Dad and I had been at the Ambassador since around 8:30 p.m. It was a huge and boisterous crowd. Normally, I retired before 10 p.m., so by the time Kennedy entered the ballroom around 11:30 p.m., I was pretty bushed. His speech would be broadcast on the radio, so Dad and I headed home. On the way, we heard Kennedy and five others had been shot.
I was at a department store near our home, in the television department when the news of Martin Luther King's assassination was broadcast on 4 April 1968. Dad had been teaching his history classes at Cal State Fullerton that day and evening; and had not heard the news, so my revelation was the first he had heard of it. I never had seen my Dad cry, but he teared up when I told him. At that point, I had been a Eugene McCarthy aficionado, but I changed allegiances after listening, with my Father, to Kennedy's speech in front of a black audience in Indiana, informing them of MLK's assassination.
Kennedy is reported to have questioned earlier, when informed of King's killing, "When will this violence stop?"

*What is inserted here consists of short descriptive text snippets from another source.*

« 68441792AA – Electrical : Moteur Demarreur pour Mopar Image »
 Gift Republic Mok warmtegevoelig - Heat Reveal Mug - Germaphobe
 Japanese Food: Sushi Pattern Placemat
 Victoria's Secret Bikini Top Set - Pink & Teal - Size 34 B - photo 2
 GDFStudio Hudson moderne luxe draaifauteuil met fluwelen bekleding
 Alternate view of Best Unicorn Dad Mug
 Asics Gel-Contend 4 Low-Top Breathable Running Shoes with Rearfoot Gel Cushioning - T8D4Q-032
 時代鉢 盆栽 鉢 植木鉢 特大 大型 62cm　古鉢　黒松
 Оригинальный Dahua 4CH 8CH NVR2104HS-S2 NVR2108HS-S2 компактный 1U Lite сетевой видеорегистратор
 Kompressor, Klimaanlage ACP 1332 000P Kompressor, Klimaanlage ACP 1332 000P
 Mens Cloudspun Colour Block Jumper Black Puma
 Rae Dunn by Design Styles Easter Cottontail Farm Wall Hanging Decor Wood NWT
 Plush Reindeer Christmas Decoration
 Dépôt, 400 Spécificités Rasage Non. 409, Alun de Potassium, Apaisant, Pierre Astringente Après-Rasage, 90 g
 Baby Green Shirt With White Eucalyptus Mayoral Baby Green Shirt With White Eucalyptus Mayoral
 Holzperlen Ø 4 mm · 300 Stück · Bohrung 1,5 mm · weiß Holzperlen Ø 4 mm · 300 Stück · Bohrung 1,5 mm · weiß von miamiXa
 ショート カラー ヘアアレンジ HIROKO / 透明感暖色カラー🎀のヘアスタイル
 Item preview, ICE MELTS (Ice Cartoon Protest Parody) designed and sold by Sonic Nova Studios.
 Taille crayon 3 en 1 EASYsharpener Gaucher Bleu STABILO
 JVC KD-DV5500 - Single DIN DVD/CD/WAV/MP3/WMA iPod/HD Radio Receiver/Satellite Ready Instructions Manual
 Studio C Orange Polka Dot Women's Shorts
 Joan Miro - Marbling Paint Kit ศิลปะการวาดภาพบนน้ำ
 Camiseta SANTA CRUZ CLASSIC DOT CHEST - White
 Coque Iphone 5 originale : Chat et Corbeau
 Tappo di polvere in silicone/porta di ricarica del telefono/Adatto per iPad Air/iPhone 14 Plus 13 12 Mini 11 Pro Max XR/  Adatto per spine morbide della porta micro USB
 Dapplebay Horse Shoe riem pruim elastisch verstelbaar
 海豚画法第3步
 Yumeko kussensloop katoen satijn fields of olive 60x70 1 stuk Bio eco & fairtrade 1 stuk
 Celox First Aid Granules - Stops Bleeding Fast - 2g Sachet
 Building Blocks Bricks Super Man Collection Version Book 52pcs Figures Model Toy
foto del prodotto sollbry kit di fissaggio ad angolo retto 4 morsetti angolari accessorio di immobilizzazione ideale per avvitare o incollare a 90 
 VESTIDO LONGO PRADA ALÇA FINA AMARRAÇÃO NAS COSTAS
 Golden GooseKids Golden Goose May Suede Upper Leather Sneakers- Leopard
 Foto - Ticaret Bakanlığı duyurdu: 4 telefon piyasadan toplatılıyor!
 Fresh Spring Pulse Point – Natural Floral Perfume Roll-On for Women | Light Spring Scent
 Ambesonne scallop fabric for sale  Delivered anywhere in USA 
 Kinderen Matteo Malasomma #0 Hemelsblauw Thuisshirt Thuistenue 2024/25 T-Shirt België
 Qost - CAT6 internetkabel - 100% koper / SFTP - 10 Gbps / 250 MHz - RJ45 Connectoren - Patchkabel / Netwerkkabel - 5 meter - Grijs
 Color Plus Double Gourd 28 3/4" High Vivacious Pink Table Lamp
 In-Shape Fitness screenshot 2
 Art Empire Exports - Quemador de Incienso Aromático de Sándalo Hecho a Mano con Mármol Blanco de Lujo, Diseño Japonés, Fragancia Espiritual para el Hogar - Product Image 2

As more black lives are lost due to state sponsored violence, as young black bikini clad girls are attacked and young black men threatened with death by steroid-addled cops, the question continues, when will it stop?
Dirge Without Music
I am not resigned to the shutting away of loving hearts in the hard ground.
So it is, and so it will be, for so it has been, time out of mind:
Into the darkness they go, the wise and the lovely. Crowned
With lilies and with laurel they go; but I am not resigned.
Lovers and thinkers, into the earth with you.
Be one with the dull, the indiscriminate dust.
A fragment of what you felt, of what you knew,
A formula, a phrase remains,—but the best is lost.
The answers quick and keen, the honest look, the laughter, the love,—
They are gone. They are gone to feed the roses. Elegant and curled
Is the blossom. Fragrant is the blossom. I know. But I do not approve.
More precious was the light in your eyes than all the roses in the world.
Down, down, down into the darkness of the grave
Gently they go, the beautiful, the tender, the kind;
Quietly they go, the intelligent, the witty, the brave.
I know. But I do not approve. And I am not resigned.